Thousands of Salvadorans descended on the capital Jan. 29 in bus and truck caravans originating all over the country to take part, with capital residents, in paying their last respects to Handal, shouting “the commander stays, stays, stays” and “the united people will never be defeated.”

Handal’s casket was transported downtown from the Universidad de El Salvador, where it had rested since Wednesday. Looking out over the sea of posters with his photograph and FMLN flags, Church officials celebrated a mass for the departed leftist leader and former guerrilla in front of the Metropolitan Cathedral.

Upon the casket’s arrival at the cathedral, thousands of people on hand raised their left arms and clenched their fists to honor the man who for more than 50 years was the main leader of the Salvadoran Communist Party, an organization that was never legalized and which ultimately incorporated itself into the FMLN, now the country’s secondlargest political force.

San Salvador Auxiliary Bishop Gregorio Rosa Chavez officiated at the mass and called Handal one of the country’s most important politicians of the 20th century. Rosa Chávez compared his death to that of San Salvador Archbishop Arturo Rivera, the first successor to Romero and the mediator of the peace dialogue between the guerrilla forces of the FMLN and the government.

He said, “Both (men) died – without giving us any advance warning – of heart attacks. Both believed that another world is possible and both died fighting, each one from his own point of view, for the ideas that they firmly believed in.”

The FMLN signed the peace accords with the government on Jan. 16, 1992, ending the 12-year civil war.

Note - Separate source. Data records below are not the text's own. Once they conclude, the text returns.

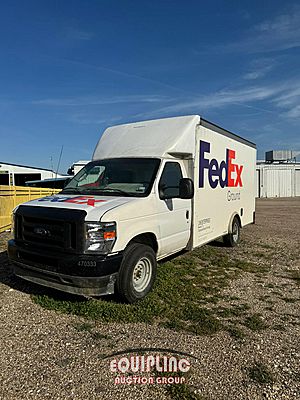 2022 Ford E350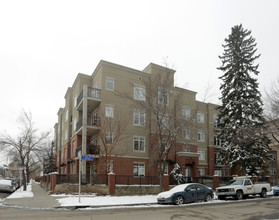 303 19th Ave SW in Calgary, AB - Building Photo - Building Photo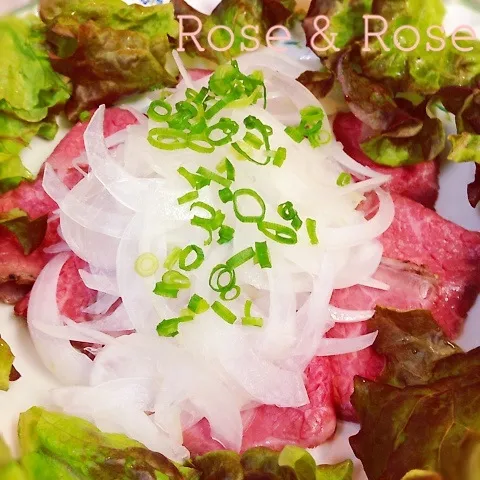 ローストビーフ新玉ねぎたっぷりのっけます( ´艸｀)♪|ROSE & ROSEさん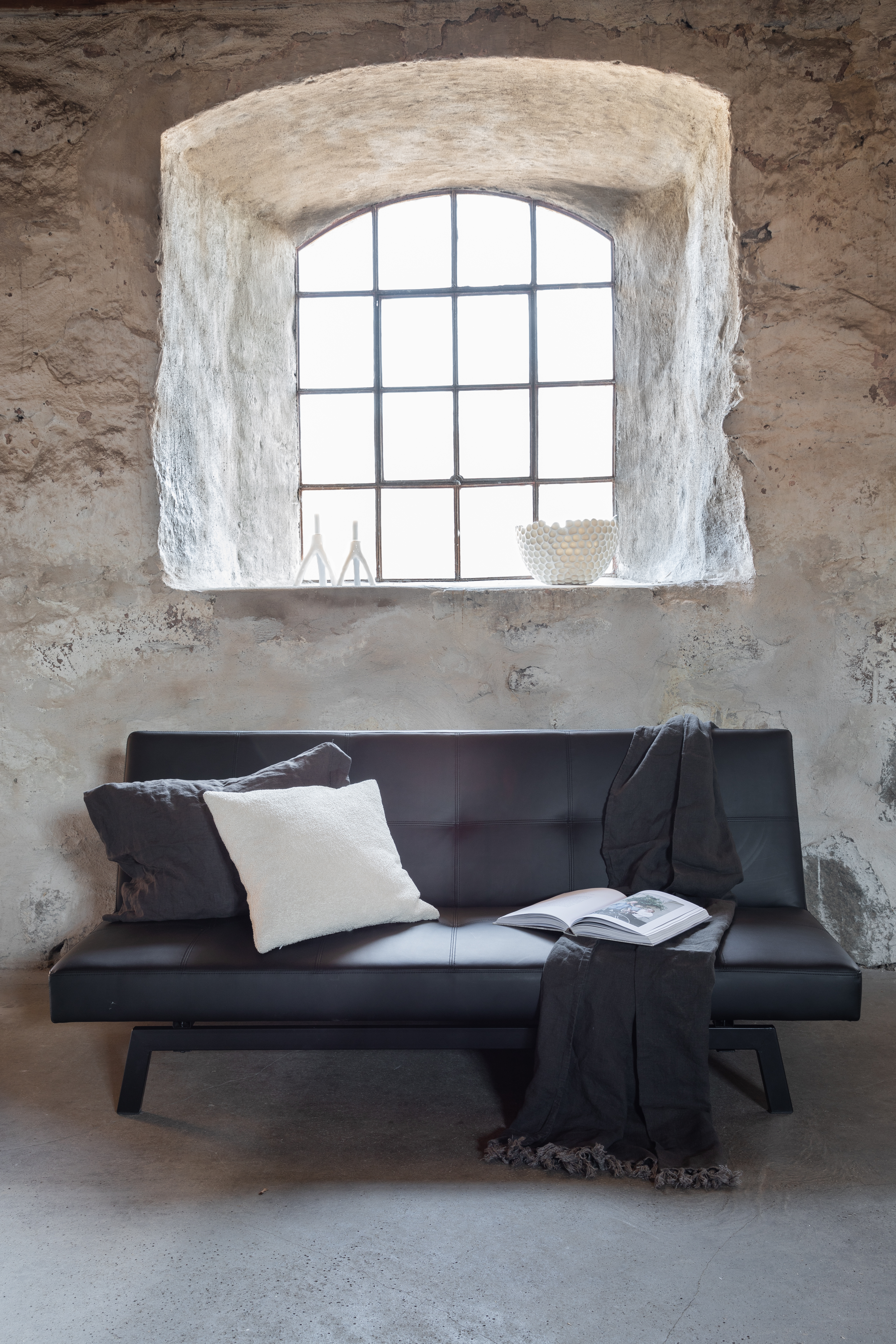 Venture Home Madison Bäddsoffa Konstläder Svart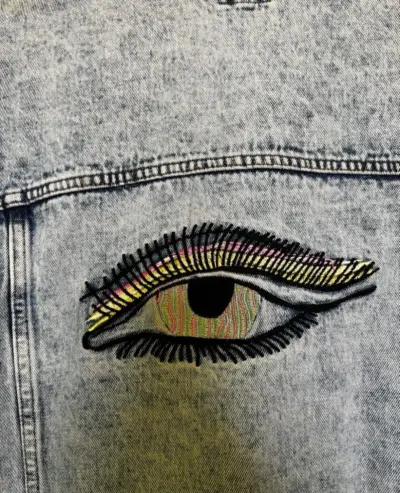Chaqueta de mezclilla con bordado de ojo y labios - miniatura 2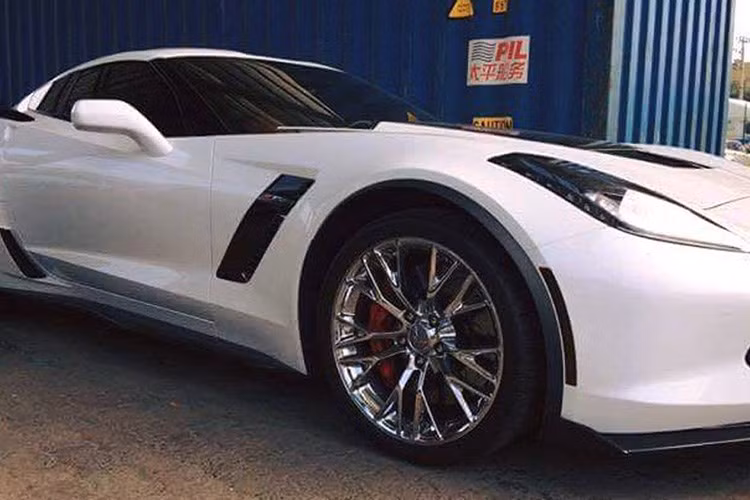 Bên cạnh đó, chất liệu carbon của cánh gió trước và sườn xe, bộ la-zăng hợp kim màu bạc kết hợp cùng cùm phanh màu đỏ mang đến vẻ hiếu chiến cho xe. Cánh gió trước và bên sườn bằng chất liệu carbon nằm trong gói phụ kiện cao cấp Z07 Aerodynamic Package.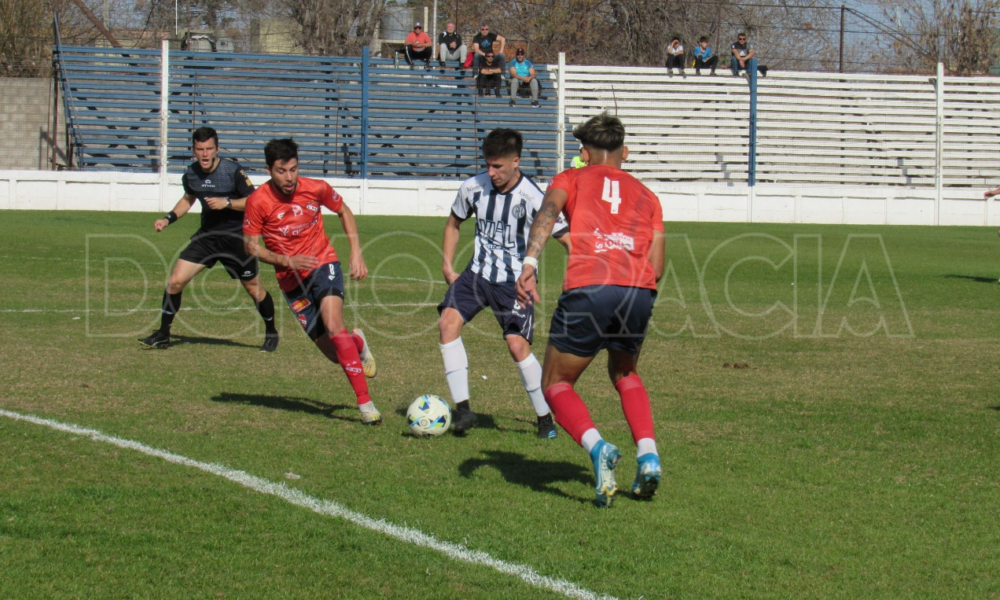 El Linqueño le ganó a Independiente y trepó en la tabla
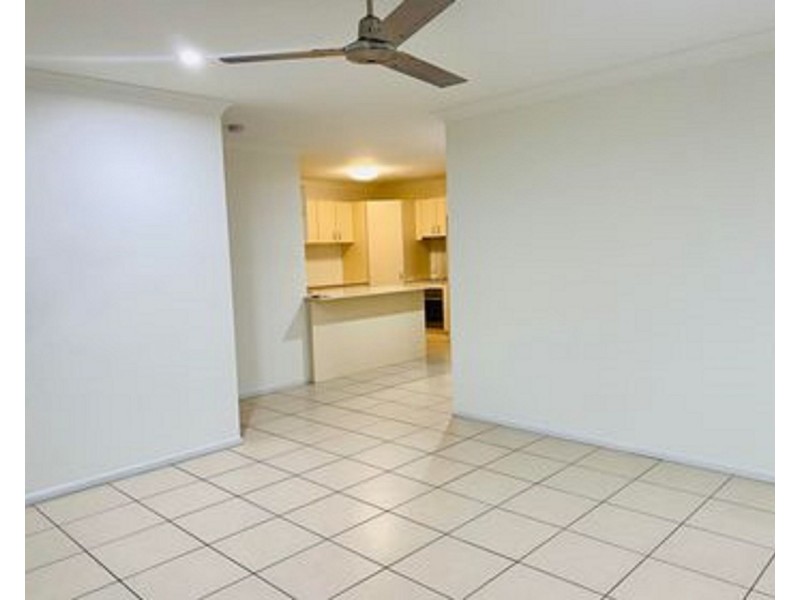 1/15 Bilgola Place, Blacks Beach QLD 4740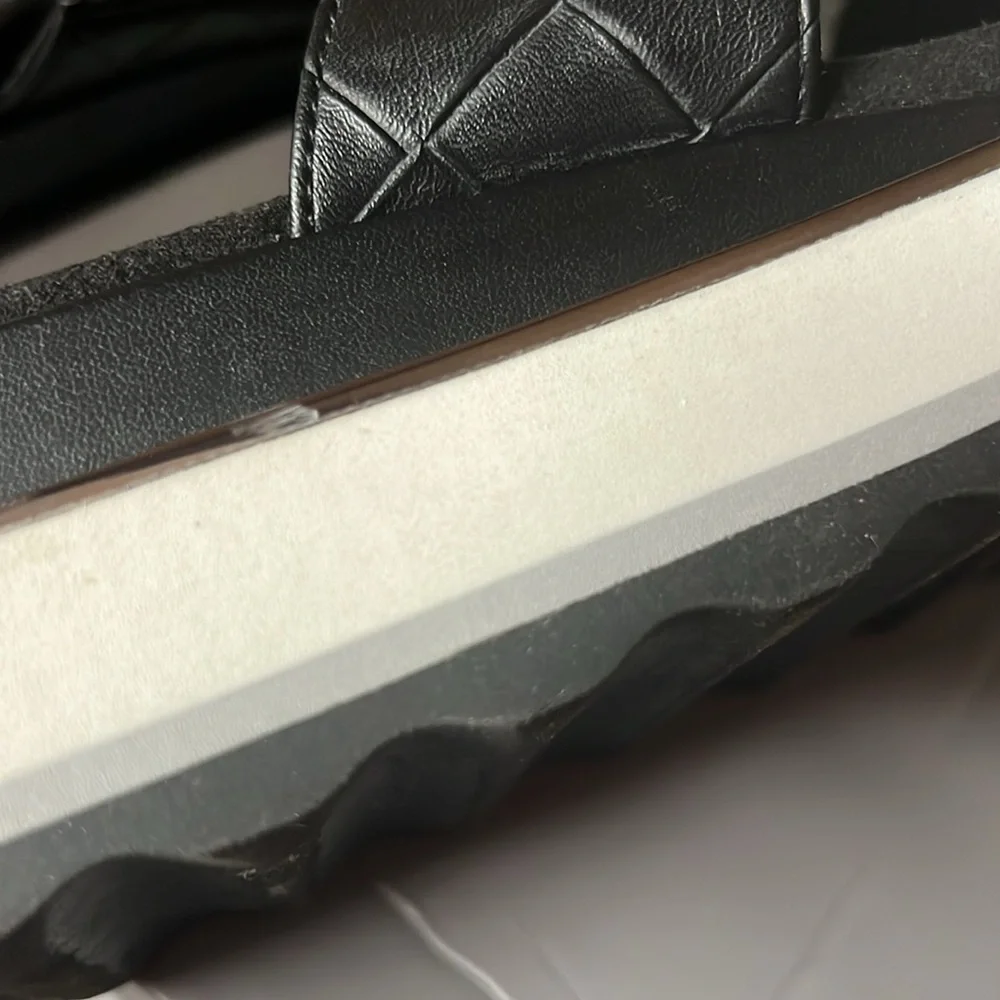 ☀️☀️HOST PICK☀️☀️Vionic Black Sandals with Chunky Sole☀️☀️☀️☀️☀️ - Picture 11 of 13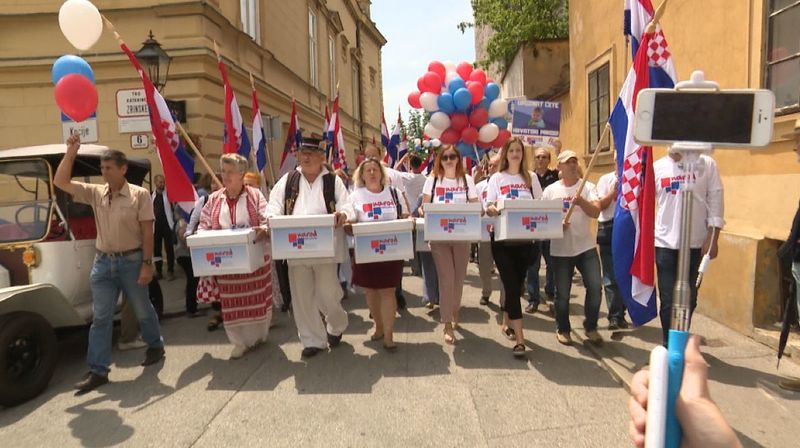 Počinje pregledavanje potpisa za referendume (Foto: Dnevnik.hr) - 2
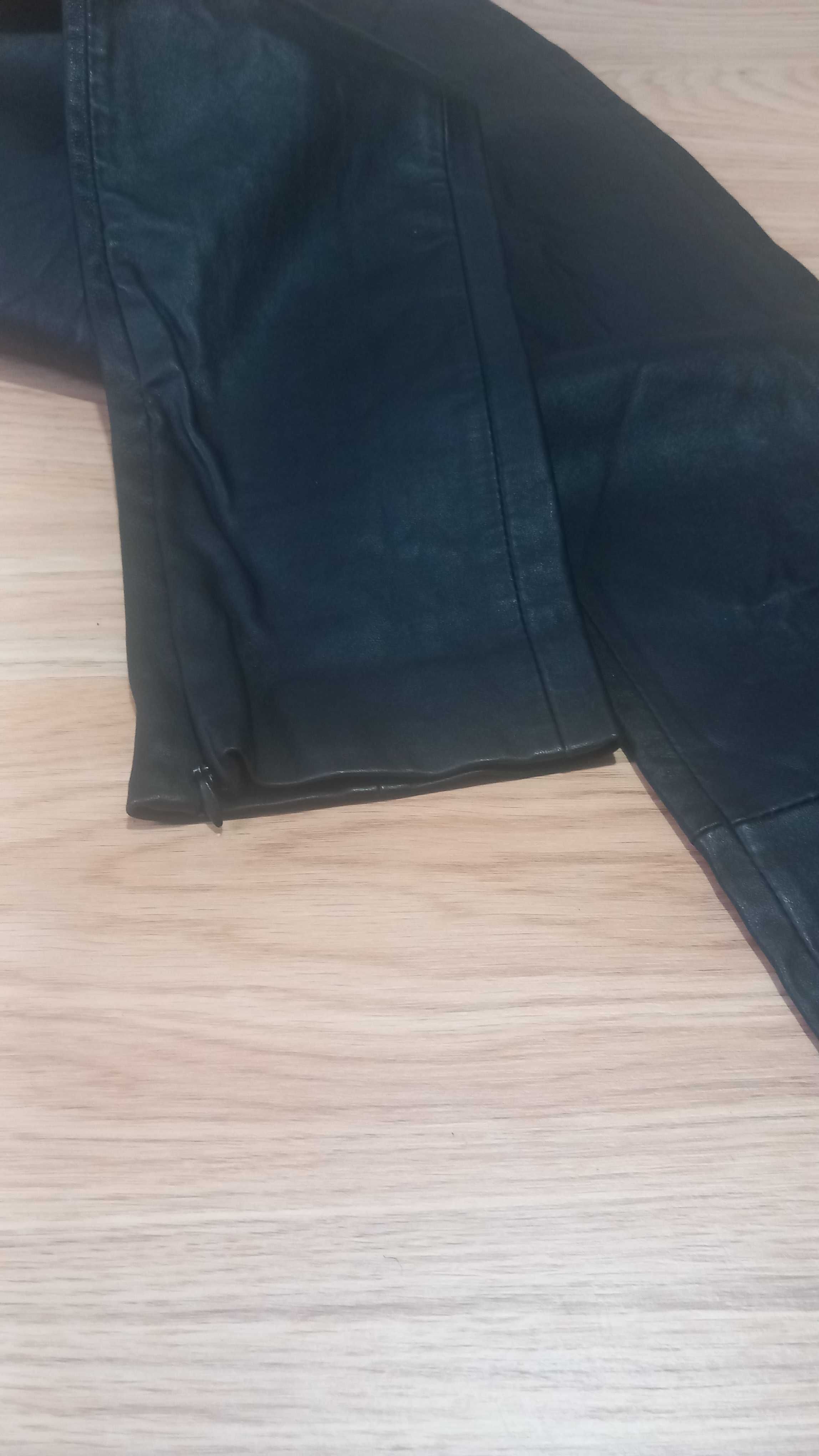 Leggins em pele Mango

Handal headed the committee that negotiated for the rebels.

Attending the funeral and its associated proceedings were delegations from leftist groups, social organizations and the governments of Argentina, Bolivia, Brazil, Cuba, Chile, Guatemala, Nicaragua, Panama, The Dominican Republic, Russia, Sweden and Venezuela.

During the mass, FMLN coordinator general Medardo González was accompanied by Nicaraguan Sandinista leader Daniel Ortega, Venezuelan Ambassador to Cuba Adan Chávez – the brother of Venezuelan President Hugo Chávez – and Jaime Alberto Crombet, the vice-president of Cuba’s national legislature, the Assembly of Popular Power.

Also on hand were Hugo Giraud, the president of Panama’s Democratic Revolutionary Party, and Miguel Rosseto, Brazil’s agrarian development minister, among others.

Descended from Catholic Palestinian immigrants who came to El Salvador in the early 20th century, Handal was born in the eastern city of Usulutan on Oct. 13, 1930, the same year that the Salvadoran Communist Party was founded.

He began his political activity at age 14 by taking part in a national strike that toppled the then-president, Gen. Maximiliano Hernandez, who had been dictator for 13 years.

From the cathedral, Handal’s remains were taken to the Cementerio de los Ilustres, the site of the tomb of Agustín Farabundo Marti, the Communist leader who, after a 1932 campesino uprising, was executed by government forces.